Newly released e-mails and other information are casting some doubt on the financial performance of two parking ramps crucial to a $62 million publicly financed development near the Minnesota Vikings stadium.
The documents reveal that city parking officials felt first-year profit projections for the ramps were overly optimistic. They also show the Vikings are entitled to free usage of 1,400 spaces on game days, for any future professional soccer games and up to 10 other events.
While the ramp revenue is needed to pay $115 million in city debt including interest over 30 years, the long-term risk for taxpayers is far from certain. Ryan Companies, the lead developer in stadium-area construction and initial ramp manager, has agreed to back any shortfalls for at least a decade or until the ramps twice turn a large annual profit.
“The city is effectively totally immunized from any start-up risk. Zero. Doesn’t exist,” said the city’s chief financial officer Kevin Carpenter. If the city has to cover shortfalls after Ryan’s guarantee expires, he added, later surpluses will be recouped to make it whole again.
Hundreds of e-mails and spreadsheets obtained by the Star Tribune illustrate the monthslong scramble in 2013 to finance a new parking ramp and park in Downtown East. The deal attracted a new Wells Fargo campus and residential development now under construction, which backers have noted will boost tax revenue.
Parking revenue from about 2,000 stalls at two ramps — one new, one existing — are earmarked to pay the debt payments.
Those documents show the two ramps are collectively projected to generate much more profit in 2016 than any in the city’s existing fleet of parking facilities — though two of those 13 facilities were more profitable on a per-space basis in 2013. Most of the city’s ramps have fewer stalls, but in 2013 the comparable 2,020-stall Leamington ramp generated only 58 percent of the profits expected from Downtown East.
Rising projections for the ramps were among several factors that ultimately helped finance officials close the projected deficits over the life of the deal.
Binding the plan together is Ryan’s guarantee, which covers debt payments until at least 2026 — continuing until the ramps twice turn a $4 million profit. That could leave Ryan paying debt for the life of the deal if the ramps perform poorly, unless spikes in profitability like 2018’s Super Bowl allow them to exit earlier. They also pocket any excess revenues during that time.

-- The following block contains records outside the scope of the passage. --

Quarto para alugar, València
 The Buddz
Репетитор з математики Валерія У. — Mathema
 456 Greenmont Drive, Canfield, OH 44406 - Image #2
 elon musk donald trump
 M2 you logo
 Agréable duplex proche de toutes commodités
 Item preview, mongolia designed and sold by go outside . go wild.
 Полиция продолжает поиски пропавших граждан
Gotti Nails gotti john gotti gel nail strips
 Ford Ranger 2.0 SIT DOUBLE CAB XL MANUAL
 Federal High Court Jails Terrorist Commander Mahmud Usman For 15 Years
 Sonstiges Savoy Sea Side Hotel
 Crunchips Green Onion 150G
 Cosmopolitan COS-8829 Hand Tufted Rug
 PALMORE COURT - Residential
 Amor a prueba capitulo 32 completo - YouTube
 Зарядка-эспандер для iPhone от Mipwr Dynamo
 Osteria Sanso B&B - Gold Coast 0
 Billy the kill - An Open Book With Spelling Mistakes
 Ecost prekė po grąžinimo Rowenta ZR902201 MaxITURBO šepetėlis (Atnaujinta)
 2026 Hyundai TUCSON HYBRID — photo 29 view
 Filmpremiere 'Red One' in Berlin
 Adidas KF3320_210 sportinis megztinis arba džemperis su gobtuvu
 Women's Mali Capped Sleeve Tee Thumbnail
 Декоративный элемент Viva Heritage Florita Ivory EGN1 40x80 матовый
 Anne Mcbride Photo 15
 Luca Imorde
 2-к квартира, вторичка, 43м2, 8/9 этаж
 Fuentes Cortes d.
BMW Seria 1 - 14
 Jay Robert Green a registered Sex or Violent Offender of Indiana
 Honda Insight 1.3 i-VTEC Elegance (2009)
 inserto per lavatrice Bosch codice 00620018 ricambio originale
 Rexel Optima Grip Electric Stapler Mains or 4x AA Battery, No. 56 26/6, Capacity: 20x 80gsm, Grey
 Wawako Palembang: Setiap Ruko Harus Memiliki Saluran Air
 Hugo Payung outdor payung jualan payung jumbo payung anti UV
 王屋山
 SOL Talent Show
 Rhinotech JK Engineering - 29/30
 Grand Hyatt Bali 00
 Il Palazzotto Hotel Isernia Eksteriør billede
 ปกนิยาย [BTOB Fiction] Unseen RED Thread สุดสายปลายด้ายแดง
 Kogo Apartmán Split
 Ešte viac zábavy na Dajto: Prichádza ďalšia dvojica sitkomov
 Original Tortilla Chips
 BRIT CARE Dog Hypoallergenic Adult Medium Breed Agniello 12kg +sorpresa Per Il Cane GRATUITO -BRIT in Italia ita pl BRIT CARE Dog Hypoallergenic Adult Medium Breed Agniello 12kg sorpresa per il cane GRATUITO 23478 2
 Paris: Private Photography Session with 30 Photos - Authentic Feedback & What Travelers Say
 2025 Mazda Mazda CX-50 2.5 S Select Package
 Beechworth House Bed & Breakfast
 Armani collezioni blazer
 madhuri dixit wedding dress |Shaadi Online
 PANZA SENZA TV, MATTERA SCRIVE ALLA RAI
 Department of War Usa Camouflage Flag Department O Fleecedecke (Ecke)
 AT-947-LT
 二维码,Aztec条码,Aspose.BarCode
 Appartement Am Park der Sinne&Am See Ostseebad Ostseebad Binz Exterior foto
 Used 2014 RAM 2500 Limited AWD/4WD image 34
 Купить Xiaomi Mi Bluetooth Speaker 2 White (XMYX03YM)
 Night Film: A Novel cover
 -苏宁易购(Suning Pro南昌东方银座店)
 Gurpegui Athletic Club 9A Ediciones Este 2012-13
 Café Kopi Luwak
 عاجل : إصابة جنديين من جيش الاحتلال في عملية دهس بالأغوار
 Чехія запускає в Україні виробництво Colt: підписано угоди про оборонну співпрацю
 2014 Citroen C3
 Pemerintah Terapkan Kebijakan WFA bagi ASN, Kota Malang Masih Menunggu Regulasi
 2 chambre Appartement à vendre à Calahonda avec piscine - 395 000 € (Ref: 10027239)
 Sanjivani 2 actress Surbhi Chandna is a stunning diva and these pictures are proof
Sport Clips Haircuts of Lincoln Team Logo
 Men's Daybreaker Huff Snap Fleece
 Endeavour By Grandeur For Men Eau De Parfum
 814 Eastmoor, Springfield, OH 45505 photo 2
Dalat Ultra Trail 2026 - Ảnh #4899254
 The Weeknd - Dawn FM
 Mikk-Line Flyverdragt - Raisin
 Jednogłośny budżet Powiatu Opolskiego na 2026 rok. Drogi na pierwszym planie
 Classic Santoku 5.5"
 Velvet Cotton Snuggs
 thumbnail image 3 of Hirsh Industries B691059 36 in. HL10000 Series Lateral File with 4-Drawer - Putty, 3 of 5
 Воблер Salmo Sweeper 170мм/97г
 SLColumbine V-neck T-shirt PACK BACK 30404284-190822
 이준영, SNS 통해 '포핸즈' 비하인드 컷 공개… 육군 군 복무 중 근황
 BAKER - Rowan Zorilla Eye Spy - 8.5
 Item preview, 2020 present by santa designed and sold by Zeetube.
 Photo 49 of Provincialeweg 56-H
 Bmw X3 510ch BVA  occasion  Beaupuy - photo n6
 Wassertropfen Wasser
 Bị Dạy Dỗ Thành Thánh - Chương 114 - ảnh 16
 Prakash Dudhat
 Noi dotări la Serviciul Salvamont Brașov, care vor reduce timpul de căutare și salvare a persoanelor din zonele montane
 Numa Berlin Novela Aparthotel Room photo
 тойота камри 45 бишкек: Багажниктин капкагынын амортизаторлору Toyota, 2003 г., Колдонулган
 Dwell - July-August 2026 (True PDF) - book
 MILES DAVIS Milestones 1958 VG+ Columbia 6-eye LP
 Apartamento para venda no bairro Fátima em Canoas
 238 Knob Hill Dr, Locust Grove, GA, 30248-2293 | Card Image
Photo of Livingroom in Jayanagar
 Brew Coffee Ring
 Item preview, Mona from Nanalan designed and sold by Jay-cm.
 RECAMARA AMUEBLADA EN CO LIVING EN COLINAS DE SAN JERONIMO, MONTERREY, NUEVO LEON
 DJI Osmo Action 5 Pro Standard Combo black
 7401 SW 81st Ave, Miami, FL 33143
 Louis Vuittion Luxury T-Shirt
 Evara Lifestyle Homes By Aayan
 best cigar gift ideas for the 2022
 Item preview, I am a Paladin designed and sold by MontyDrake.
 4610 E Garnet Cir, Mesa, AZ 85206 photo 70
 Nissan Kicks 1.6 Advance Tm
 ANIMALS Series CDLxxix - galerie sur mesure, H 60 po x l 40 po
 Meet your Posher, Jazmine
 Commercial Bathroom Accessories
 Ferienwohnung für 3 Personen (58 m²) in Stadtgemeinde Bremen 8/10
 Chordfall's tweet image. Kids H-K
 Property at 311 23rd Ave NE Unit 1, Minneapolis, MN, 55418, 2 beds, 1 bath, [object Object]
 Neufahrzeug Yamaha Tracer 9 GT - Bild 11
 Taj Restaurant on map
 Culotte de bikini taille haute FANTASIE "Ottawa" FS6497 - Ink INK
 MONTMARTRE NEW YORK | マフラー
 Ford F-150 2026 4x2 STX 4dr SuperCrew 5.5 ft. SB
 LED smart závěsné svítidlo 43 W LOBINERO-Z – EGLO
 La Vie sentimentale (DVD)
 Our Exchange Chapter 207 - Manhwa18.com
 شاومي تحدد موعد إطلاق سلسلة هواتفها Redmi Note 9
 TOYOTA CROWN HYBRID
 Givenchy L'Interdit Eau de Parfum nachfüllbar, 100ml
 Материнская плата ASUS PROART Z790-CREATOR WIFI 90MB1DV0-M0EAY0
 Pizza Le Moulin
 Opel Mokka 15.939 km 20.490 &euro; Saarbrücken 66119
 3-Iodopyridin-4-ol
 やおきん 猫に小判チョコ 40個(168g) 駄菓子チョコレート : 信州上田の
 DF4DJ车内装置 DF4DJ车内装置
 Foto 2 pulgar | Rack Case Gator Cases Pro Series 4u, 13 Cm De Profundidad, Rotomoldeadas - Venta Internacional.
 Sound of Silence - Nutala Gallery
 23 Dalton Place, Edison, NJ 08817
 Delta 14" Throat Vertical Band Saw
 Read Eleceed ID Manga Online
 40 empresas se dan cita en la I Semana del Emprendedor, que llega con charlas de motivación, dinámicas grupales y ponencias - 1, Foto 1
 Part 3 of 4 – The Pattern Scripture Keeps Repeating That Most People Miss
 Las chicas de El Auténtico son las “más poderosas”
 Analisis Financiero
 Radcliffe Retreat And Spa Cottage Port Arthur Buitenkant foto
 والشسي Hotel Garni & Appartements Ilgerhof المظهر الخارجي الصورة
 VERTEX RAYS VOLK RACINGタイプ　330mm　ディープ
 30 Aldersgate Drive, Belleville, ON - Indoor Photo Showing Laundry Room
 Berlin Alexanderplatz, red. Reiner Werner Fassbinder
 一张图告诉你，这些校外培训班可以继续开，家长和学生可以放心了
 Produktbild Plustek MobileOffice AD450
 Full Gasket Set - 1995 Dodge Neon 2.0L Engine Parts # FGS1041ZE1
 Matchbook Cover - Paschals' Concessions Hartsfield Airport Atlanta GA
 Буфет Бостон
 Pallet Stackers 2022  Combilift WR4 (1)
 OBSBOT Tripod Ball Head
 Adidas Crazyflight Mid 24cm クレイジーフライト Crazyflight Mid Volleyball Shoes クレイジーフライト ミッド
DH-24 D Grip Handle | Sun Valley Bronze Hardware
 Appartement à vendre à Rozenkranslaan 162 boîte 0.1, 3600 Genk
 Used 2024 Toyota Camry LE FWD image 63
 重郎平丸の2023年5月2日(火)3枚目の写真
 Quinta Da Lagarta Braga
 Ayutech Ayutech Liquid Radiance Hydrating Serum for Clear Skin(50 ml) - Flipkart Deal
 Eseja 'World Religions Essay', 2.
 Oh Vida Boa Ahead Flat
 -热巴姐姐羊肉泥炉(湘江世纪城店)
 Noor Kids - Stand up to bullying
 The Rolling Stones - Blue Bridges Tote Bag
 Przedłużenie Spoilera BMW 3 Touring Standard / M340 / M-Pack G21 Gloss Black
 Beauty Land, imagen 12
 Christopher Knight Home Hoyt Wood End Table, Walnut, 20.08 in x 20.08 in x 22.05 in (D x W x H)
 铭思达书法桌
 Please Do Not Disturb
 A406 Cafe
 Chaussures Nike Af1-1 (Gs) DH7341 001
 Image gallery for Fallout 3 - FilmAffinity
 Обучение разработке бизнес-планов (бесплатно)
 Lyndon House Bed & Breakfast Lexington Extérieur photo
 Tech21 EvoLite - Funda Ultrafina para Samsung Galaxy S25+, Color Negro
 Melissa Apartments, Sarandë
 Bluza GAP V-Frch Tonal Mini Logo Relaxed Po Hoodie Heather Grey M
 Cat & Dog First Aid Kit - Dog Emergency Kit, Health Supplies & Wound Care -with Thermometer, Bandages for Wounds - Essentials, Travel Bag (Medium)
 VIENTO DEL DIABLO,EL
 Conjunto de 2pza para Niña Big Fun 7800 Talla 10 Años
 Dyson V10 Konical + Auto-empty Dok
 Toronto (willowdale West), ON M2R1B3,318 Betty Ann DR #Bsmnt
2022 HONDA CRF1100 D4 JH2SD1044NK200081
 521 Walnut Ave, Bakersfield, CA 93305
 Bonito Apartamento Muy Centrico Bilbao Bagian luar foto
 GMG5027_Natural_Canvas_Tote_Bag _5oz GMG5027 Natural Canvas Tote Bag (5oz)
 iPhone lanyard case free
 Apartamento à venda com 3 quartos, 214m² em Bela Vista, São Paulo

Council Member Cam Gordon was most concerned about the provision in a 2014 parking agreement granting Vikings VIPs free parking. He said a more general term sheet the City Council approved in 2013 did not make clear that the VIPs would park free.
“It doesn’t really make a lot of sense to me that we’re giving away free parking,” Gordon said. “It’s especially irritating because it looks like we’re giving it away to maybe some of the wealthiest, more affluent folks too. And that doesn’t really seem equitable, either.”
Michele Kelm-Helgen, chairwoman of the Minnesota Sports Facilities Authority, said the ramps are included in the Vikings’ annual rent payments of about $10 million.
City staff ran through more than 60 different financing scenarios between April 2013 and January 2014, many of which resulted in deficits for the city. Fluctuations were driven by changing debt costs, updated ramp revenues, the length and amount of Ryan’s guarantee, and potential profit-sharing with the authority, which will own the ramps. The final runs showed a surplus, due in part to lower long-term debt costs and higher parking profits.
“A key driver of financial consequence from the project, though largely out of city control but for planning and zoning actions to limit competing parking facilities in [the] area, is ultimate performance of the parking ramps,” Carpenter wrote to staff in mid-October, when several scenarios still showed parking revenue failing to cover debt payments.
But the manager of the city’s parking ramps, Tim Blazina, wrote shortly after that “revenues and expenses are very aggressive” in 2016 profit projections created by expected ramp operator Denison Parking.
“The proposed revenues do not reflect the standard 3 to 5 year growth, which we know will occur,” Blazina wrote. “The expenses reflect a very simple breakout of expenses which appears very small in my opinion.”
Blazina specifically cited low anticipated costs for security, utilities, wages and capital improvements. He attached a budget for the city’s Leamington ramp, showing its operator pays $334,875 for gas, electric and water. The cost of utilities at the two stadium ramps was projected to be just $98,592.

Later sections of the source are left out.